Laporan ini juga mencatat adanya tekanan terhadap akomodasi yang, meskipun tidak sama dengan yang terjadi di Kanada dan Australia, masih menjadi masalah dan perlu ditangani dengan cepat.

Terlalu banyak hal yang baik? merangkum berbagai permasalahan yang telah disadari oleh sektor ini – termasuk pertumbuhan yang sebagian besar didorong oleh India dan Nigeria dan stagnasi jumlah mahasiswa di UE dan Tiongkok, serta pertumbuhan permintaan untuk gelar master satu tahun.

Di Russell Group, kepala eksekutifnya Tim Bradshaw mencatat bahwa status liga utama Inggris sebagai tujuan pendidikan global harus diakui sebagai kisah sukses – dan dia mengisyaratkan perlunya “retorika yang lebih positif” dari pemerintah.

“Upaya yang dilakukan oleh universitas-universitas kita telah dilakukan untuk mendiversifikasi penerimaan mahasiswa guna memastikan perekrutan mahasiswa di luar negeri berkelanjutan,” ujarnya, “dan hal ini sangat penting untuk didukung oleh stabilitas dalam kebijakan pemerintah dan retorika yang lebih positif seputar pendidikan tinggi di Inggris sehingga Inggris tetap menjadi negara yang unggul. tujuan utama bagi siswa di seluruh dunia.”

Meskipun laporan tersebut menganjurkan untuk membatasi peningkatan jumlah mahasiswa internasional untuk “menjamin pertumbuhan yang berkelanjutan”, laporan tersebut juga mencatat bahwa universitas perlu diberi kompensasi atas hilangnya pendapatan dari mahasiswa tersebut dengan “peningkatan dana hibah”.

“Pemerintah harus berkomitmen untuk meningkatkan dana hibah langsung yang diberikan kepada universitas untuk mengatasi dampak penurunan unit sumber daya bagi mahasiswa asal.

“Saat ini, jumlahnya mencapai sekitar £1.150 per siswa.95 Hibah ini harus ditingkatkan sedemikian rupa sehingga dapat mengimbangi sebagian penurunan unit sumber daya untuk setiap siswa asal sejak tahun 2017,” jelas laporan tersebut

“Dengan meningkatnya kekurangan dana untuk pengajaran dan penelitian dalam negeri, pendapatan biaya internasional juga semakin penting bagi kesehatan keuangan sektor ini.

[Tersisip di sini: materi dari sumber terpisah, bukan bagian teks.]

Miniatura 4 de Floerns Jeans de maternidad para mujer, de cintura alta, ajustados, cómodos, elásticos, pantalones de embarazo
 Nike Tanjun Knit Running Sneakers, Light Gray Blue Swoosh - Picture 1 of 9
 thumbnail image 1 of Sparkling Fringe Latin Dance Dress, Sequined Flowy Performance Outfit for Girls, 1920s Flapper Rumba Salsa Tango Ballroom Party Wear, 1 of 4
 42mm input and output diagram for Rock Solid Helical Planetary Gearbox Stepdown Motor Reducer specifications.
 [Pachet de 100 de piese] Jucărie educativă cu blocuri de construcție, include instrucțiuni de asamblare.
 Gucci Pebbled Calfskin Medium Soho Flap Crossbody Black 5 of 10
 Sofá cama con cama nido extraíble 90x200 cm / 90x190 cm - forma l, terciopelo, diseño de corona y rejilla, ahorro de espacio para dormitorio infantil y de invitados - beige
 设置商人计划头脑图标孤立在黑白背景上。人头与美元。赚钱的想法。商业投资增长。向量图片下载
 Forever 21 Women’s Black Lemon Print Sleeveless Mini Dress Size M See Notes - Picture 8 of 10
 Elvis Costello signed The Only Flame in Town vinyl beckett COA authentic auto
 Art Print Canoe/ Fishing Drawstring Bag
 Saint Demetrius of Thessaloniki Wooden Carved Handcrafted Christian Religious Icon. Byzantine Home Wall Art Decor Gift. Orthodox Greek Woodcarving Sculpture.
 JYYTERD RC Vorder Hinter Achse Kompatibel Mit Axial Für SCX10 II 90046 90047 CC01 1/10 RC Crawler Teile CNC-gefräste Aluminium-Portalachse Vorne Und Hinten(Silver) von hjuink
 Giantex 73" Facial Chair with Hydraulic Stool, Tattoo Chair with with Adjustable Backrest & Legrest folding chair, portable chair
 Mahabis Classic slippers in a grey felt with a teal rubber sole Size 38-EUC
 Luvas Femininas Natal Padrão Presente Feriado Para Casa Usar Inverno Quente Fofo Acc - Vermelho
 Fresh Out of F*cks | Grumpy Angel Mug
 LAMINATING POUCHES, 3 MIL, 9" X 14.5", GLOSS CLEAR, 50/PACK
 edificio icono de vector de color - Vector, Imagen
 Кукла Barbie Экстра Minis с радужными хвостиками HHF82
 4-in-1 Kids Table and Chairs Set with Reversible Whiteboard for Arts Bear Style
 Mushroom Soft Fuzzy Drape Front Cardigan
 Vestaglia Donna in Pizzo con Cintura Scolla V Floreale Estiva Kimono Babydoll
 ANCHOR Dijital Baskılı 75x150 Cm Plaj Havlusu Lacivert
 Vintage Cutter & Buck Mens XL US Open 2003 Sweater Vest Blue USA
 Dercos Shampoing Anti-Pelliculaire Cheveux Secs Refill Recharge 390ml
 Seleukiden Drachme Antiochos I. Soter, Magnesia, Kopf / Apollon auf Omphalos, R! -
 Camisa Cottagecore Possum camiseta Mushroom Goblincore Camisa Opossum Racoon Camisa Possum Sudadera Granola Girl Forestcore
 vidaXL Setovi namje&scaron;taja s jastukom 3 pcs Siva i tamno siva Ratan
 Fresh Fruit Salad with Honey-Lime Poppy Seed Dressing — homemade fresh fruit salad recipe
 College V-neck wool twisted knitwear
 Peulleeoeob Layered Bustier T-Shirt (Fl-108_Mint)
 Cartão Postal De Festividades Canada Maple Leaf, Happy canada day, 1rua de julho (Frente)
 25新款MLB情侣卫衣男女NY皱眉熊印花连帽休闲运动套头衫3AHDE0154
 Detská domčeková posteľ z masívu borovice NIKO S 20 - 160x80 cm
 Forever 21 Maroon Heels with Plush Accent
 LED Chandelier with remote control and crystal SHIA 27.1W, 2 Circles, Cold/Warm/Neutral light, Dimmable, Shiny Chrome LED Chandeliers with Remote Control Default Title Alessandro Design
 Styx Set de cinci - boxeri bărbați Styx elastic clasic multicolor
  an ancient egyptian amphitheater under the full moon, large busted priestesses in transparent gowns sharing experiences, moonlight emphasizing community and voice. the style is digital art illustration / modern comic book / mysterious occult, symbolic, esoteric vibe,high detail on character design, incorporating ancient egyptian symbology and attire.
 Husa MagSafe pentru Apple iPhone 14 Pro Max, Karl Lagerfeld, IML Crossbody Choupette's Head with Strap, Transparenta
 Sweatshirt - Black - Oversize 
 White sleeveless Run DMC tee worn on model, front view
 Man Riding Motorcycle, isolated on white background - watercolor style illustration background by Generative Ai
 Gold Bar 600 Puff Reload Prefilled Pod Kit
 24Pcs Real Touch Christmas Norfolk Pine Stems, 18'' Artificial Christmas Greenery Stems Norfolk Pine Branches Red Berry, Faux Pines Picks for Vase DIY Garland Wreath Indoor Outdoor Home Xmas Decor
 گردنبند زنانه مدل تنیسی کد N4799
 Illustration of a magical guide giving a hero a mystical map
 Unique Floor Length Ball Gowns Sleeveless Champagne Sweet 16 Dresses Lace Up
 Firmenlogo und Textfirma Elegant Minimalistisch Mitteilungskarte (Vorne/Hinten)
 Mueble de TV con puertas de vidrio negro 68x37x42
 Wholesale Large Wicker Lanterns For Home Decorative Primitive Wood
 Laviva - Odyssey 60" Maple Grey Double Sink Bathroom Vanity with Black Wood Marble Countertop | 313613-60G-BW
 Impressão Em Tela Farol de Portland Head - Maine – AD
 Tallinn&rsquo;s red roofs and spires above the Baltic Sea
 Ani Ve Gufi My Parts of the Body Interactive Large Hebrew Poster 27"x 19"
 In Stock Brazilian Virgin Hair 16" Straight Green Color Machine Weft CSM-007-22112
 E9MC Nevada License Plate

Hal ini memungkinkan universitas untuk terus meningkatkan jumlah tempat bagi mahasiswa sarjana di Inggris dan melaksanakan kegiatan penelitian dan pengembangan yang penting,” kata Bradshaw.

Bradshaw menekankan bahwa Russell Group sangat ingin bekerja sama dengan pemerintah berikutnya setelah pemilu pada tanggal 4 Juli, untuk “membantu mengembangkan model pendanaan yang adil bagi pelajar, universitas, dan pembayar pajak”.